**Exercise prompt**
Find "HAWOK Cast Iron Dutch Oven Oval set…" in the material below, then write out that line and every line after it exactly, ending with the last one; skip the pictures.

**The data**
********

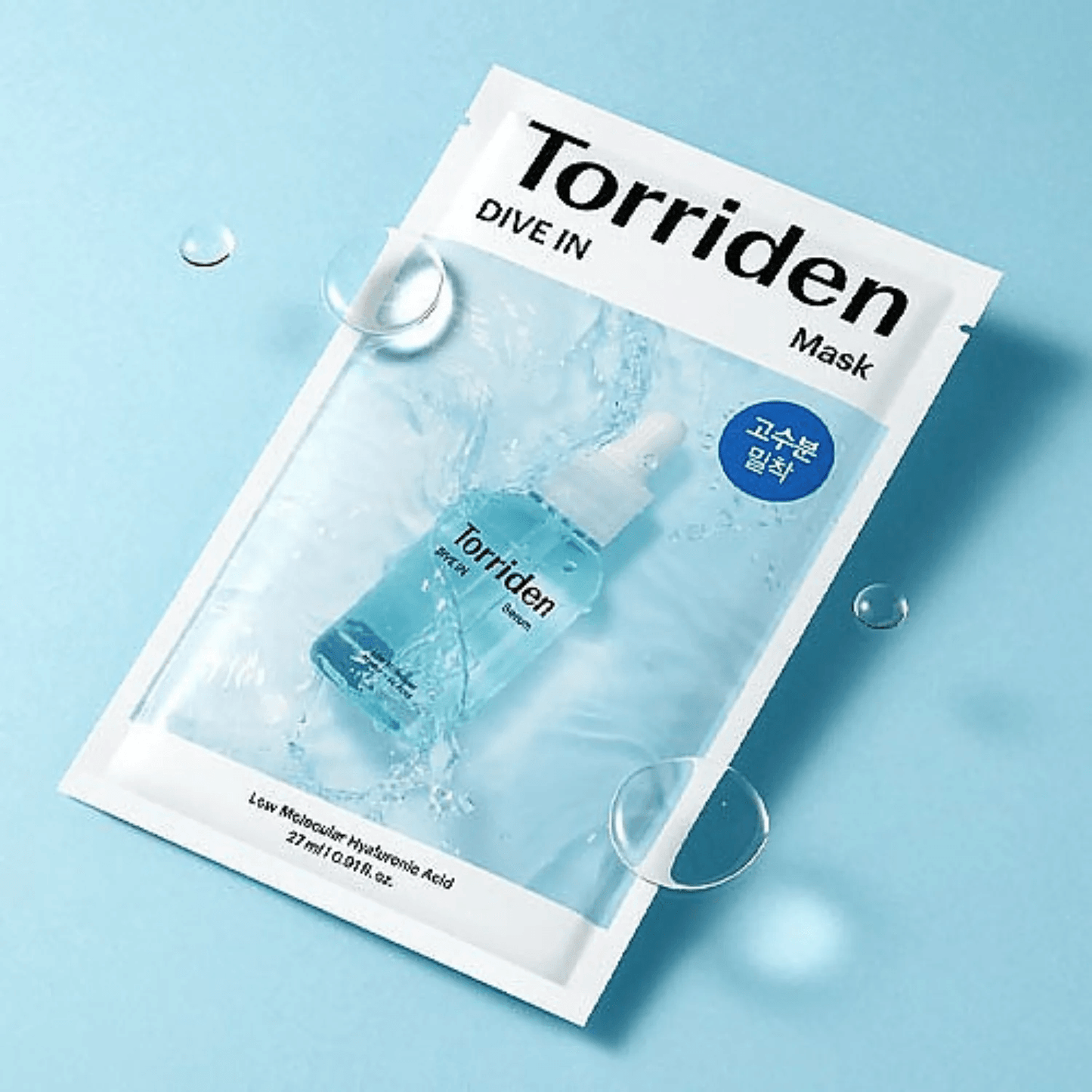 TORRIDEN - DIVE-IN Low Molecular Hyaluronic Acid Mask - 27ml - YEPPEOYO.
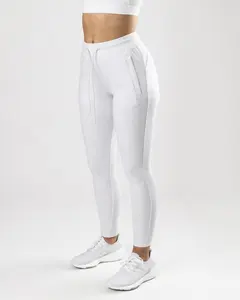 Wholesale Custom Logo Jogger 100% Cotton Women Sportswear Unisex Sweat Pant With Pockets 2024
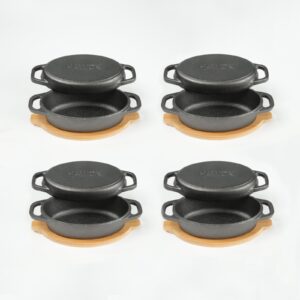 HAWOK Cast Iron Dutch Oven Oval set…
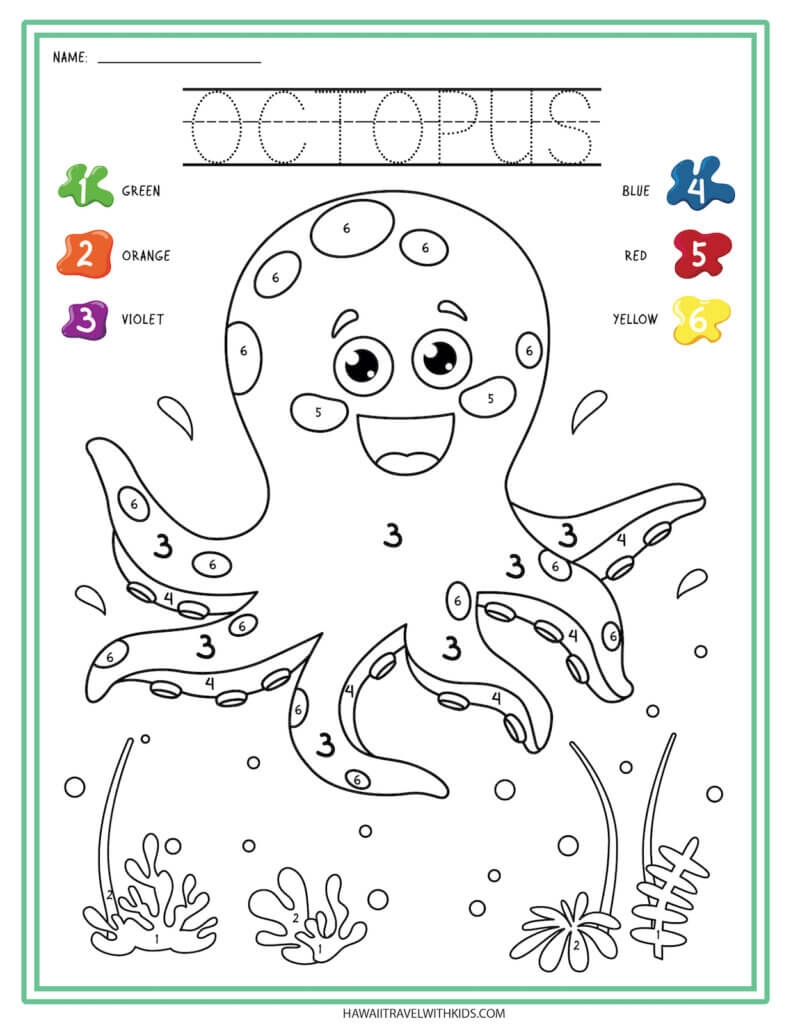 Sea Animal Worksheets And Coloring Pages Hawaii Travel With Kids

********

**Final answer**
 HAWOK Cast Iron Dutch Oven Oval set…
 Sea Animal Worksheets And Coloring Pages Hawaii Travel With Kids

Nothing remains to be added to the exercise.